* **Your goal**:
In the records that follow, show each line where the word "iTunes" is present.

* * *

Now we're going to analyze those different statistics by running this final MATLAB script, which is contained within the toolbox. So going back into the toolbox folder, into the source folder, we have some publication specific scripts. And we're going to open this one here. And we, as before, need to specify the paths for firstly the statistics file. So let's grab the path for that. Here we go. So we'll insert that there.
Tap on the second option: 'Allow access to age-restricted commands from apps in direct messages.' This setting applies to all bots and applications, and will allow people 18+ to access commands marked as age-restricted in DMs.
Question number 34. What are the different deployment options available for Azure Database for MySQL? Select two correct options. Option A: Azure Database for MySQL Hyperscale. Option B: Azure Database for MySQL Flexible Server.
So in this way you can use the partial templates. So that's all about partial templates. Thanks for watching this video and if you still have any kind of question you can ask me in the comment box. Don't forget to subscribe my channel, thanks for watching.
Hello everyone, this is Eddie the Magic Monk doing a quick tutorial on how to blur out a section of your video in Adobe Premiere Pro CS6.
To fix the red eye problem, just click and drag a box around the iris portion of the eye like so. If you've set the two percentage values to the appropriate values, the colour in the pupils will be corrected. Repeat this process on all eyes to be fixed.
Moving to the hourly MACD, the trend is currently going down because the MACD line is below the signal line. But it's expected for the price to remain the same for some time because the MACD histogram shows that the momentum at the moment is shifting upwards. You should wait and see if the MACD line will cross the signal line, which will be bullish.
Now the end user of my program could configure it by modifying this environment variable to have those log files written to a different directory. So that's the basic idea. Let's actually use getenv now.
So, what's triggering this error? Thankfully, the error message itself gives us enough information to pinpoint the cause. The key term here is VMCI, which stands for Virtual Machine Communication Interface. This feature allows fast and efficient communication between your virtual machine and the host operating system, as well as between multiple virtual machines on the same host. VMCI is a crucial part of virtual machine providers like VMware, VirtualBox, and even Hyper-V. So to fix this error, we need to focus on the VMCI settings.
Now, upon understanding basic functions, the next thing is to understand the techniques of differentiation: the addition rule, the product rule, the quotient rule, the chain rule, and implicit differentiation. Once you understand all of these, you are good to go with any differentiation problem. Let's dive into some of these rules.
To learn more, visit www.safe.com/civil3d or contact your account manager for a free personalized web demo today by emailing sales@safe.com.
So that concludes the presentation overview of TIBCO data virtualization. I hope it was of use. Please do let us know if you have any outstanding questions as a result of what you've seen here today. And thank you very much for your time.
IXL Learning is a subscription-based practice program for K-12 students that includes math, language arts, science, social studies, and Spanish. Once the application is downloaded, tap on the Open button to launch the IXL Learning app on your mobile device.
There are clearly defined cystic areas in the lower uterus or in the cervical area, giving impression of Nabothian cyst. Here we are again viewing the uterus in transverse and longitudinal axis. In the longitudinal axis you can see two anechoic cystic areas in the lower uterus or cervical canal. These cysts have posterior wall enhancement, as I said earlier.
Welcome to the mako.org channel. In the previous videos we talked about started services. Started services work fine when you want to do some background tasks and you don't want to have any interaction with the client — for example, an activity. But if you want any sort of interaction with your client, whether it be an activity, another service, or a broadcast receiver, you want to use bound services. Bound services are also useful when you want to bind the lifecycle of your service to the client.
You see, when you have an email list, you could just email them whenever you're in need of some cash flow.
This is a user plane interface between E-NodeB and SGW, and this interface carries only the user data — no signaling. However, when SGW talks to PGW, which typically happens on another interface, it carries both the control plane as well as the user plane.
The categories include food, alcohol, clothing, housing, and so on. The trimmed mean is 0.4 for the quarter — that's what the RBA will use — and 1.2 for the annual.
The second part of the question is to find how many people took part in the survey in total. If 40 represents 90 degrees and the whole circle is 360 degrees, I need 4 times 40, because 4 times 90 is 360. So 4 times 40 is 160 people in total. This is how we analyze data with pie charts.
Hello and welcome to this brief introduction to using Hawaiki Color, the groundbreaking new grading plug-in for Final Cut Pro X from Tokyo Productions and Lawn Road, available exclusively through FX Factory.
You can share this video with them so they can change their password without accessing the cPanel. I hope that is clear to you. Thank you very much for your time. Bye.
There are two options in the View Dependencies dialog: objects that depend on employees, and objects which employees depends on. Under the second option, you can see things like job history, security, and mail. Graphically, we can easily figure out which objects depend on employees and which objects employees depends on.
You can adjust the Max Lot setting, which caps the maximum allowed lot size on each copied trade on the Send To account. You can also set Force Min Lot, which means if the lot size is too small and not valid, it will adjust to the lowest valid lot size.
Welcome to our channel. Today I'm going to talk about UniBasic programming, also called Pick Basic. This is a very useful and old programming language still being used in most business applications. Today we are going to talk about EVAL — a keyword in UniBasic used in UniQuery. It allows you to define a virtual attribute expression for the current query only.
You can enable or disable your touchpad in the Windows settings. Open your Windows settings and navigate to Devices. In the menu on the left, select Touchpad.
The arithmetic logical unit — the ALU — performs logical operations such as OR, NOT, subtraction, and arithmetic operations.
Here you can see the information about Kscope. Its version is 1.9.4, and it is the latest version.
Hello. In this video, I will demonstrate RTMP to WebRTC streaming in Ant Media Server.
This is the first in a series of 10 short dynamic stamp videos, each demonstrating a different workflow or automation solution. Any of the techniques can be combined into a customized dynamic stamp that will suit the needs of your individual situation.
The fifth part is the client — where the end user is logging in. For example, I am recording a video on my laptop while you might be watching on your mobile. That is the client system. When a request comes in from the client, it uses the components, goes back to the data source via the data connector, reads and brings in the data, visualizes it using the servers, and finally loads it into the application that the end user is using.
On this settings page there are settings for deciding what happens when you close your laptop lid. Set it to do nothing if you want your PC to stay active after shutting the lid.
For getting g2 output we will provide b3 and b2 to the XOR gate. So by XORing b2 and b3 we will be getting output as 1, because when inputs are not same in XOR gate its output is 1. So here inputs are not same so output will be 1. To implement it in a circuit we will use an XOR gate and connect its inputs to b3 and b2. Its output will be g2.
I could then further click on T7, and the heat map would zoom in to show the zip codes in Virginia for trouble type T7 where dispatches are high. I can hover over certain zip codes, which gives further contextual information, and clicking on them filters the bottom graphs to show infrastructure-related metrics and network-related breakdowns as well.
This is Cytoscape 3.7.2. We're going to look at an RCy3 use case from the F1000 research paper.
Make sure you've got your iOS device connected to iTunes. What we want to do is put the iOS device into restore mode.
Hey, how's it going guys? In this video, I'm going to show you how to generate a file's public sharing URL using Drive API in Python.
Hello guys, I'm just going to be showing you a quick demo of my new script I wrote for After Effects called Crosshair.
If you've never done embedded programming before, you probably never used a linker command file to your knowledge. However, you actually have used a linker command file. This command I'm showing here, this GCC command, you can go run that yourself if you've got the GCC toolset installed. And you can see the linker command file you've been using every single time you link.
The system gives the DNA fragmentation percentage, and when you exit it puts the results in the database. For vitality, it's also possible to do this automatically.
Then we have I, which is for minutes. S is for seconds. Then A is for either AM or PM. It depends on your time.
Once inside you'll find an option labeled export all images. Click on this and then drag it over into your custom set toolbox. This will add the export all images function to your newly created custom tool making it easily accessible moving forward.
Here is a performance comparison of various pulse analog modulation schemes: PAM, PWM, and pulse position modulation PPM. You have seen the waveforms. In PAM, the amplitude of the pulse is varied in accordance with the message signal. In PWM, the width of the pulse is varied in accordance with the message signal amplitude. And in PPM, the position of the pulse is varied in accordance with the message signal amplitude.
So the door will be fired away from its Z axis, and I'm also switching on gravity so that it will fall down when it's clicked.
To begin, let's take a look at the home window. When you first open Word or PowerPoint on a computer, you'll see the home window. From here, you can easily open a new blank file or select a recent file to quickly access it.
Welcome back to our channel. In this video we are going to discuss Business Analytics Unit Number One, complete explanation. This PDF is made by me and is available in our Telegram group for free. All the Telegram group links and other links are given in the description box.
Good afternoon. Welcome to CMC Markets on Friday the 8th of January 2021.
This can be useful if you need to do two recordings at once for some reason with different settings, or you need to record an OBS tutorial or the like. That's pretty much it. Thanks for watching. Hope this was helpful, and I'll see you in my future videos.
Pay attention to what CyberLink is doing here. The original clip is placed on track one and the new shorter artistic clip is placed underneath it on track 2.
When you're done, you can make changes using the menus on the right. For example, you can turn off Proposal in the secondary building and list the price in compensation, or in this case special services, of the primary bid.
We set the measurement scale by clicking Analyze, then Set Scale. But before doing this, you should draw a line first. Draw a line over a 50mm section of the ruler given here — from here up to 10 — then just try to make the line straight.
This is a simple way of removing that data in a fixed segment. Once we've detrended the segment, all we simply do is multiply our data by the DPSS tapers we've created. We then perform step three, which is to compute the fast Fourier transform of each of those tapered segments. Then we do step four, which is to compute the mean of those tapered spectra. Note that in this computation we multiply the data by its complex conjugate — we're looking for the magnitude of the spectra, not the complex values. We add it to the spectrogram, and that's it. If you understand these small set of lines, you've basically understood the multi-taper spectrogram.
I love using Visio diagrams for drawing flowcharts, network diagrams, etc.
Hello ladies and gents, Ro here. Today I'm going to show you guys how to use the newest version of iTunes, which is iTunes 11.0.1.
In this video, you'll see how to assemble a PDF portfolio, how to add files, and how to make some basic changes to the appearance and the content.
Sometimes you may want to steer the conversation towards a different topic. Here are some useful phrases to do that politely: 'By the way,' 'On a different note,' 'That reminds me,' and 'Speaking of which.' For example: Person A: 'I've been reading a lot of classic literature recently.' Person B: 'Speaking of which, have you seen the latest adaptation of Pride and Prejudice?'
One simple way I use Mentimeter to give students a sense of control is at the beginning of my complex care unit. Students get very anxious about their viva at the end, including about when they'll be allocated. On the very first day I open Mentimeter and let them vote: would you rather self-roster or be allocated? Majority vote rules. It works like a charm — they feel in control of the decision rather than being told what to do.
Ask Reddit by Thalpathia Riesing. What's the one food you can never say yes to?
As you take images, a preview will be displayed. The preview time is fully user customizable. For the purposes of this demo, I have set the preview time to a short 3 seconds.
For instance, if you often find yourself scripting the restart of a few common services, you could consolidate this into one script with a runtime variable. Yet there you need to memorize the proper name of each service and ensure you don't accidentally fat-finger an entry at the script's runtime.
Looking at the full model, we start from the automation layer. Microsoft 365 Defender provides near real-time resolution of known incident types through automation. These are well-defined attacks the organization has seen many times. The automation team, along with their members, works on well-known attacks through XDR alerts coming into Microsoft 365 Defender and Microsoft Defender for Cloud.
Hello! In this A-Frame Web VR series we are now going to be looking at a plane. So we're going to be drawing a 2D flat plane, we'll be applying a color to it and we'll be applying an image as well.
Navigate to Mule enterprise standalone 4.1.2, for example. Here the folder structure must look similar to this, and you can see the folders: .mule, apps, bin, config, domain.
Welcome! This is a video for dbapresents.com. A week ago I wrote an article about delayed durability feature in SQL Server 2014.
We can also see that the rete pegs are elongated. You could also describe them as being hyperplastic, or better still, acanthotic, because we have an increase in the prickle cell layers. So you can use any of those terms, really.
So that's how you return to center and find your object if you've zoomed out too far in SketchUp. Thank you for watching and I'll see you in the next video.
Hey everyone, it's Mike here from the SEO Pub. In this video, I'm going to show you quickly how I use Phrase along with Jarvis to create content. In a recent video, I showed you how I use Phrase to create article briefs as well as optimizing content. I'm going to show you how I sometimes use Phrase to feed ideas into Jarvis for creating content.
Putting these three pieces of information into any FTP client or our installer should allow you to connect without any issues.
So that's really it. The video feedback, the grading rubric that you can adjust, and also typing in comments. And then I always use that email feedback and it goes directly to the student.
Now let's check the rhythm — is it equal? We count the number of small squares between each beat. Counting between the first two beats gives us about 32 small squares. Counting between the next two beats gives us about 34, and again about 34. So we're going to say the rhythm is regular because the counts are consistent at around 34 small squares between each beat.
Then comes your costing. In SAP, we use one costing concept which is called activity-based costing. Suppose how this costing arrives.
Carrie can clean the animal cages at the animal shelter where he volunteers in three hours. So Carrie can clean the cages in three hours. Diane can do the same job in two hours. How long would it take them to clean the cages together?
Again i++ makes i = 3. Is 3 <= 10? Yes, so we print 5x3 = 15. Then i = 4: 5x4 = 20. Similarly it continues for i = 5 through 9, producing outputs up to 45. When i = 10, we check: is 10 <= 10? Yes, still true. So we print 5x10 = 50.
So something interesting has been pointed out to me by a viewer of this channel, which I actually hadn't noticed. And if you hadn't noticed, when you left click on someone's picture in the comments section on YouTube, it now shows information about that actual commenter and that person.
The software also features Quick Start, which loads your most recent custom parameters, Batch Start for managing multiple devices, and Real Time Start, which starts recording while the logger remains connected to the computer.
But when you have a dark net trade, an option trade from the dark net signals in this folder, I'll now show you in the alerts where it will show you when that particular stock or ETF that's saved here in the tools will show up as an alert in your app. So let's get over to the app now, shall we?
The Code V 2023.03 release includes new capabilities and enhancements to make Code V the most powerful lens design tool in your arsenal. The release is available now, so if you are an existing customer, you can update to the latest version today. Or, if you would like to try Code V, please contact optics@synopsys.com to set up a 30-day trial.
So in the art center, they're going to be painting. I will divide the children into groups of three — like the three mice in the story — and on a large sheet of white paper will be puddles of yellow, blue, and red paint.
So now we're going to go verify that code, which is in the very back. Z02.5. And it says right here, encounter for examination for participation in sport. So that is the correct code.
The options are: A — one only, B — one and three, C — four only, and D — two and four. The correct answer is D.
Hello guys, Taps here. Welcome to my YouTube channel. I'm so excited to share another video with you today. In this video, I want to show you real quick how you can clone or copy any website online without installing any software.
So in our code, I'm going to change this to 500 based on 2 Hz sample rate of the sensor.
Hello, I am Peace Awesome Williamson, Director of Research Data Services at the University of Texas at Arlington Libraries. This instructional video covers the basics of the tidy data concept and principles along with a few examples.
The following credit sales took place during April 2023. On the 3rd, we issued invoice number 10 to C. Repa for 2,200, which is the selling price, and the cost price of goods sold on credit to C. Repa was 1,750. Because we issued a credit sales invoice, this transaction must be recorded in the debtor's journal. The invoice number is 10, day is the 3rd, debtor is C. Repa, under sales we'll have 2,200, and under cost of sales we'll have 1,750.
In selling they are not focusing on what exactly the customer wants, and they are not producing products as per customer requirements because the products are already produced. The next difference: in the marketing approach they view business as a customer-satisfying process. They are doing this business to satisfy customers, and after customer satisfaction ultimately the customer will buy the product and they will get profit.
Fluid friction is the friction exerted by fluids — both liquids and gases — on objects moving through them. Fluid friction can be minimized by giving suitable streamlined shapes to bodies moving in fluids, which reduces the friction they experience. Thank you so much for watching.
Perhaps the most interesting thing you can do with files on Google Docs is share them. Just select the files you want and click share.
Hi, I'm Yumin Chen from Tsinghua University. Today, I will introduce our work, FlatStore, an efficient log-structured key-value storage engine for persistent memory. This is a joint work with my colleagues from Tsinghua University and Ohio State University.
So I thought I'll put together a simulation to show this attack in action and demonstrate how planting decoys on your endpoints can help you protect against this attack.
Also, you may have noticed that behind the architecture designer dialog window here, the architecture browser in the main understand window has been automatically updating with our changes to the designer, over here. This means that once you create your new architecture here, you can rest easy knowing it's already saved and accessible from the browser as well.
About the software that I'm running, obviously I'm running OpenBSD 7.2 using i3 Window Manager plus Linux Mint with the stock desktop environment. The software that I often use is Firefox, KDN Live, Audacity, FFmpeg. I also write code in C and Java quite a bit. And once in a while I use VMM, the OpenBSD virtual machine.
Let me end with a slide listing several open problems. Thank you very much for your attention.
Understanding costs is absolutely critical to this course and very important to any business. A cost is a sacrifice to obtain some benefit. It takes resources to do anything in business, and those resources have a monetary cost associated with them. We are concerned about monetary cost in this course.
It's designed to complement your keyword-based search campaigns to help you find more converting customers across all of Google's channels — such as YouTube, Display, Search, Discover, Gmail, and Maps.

* * *

* **Response**:
Make sure you've got your iOS device connected to iTunes. What we want to do is put the iOS device into restore mode.
Hello ladies and gents, Ro here. Today I'm going to show you guys how to use the newest version of iTunes, which is iTunes 11.0.1.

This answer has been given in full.